**Records for the exercise:**

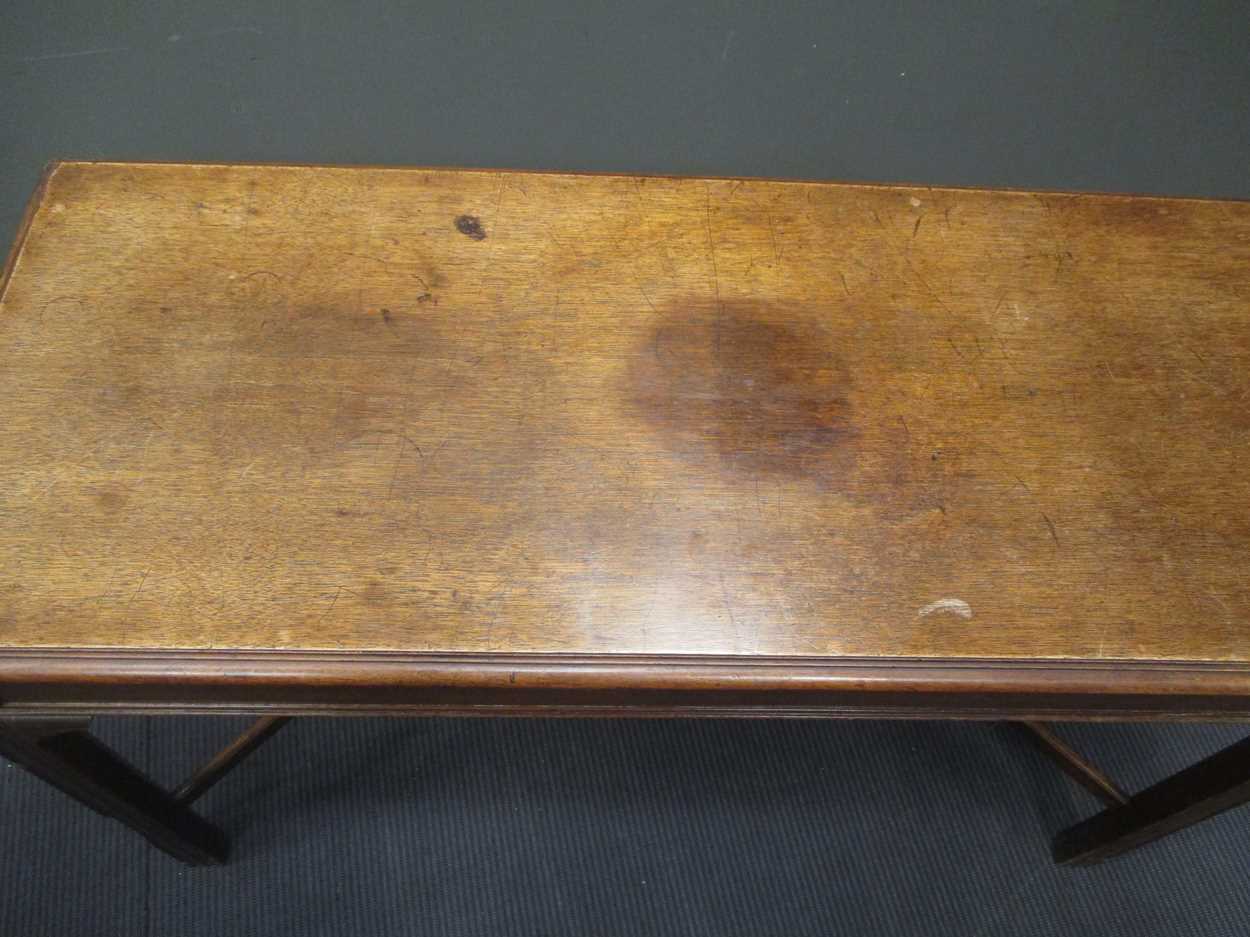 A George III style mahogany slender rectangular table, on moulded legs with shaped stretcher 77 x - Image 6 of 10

==

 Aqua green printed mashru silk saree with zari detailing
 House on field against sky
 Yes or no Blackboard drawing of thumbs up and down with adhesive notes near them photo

--

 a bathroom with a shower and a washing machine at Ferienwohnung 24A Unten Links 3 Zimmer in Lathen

**Problem details:**
Each line in the listing above from the one containing "Aqua green printed" through the one containing "Yes or no Blackboard" should be repeated exactly, and no other line.

**Response area:**
 Aqua green printed mashru silk saree with zari detailing
 House on field against sky
 Yes or no Blackboard drawing of thumbs up and down with adhesive notes near them photo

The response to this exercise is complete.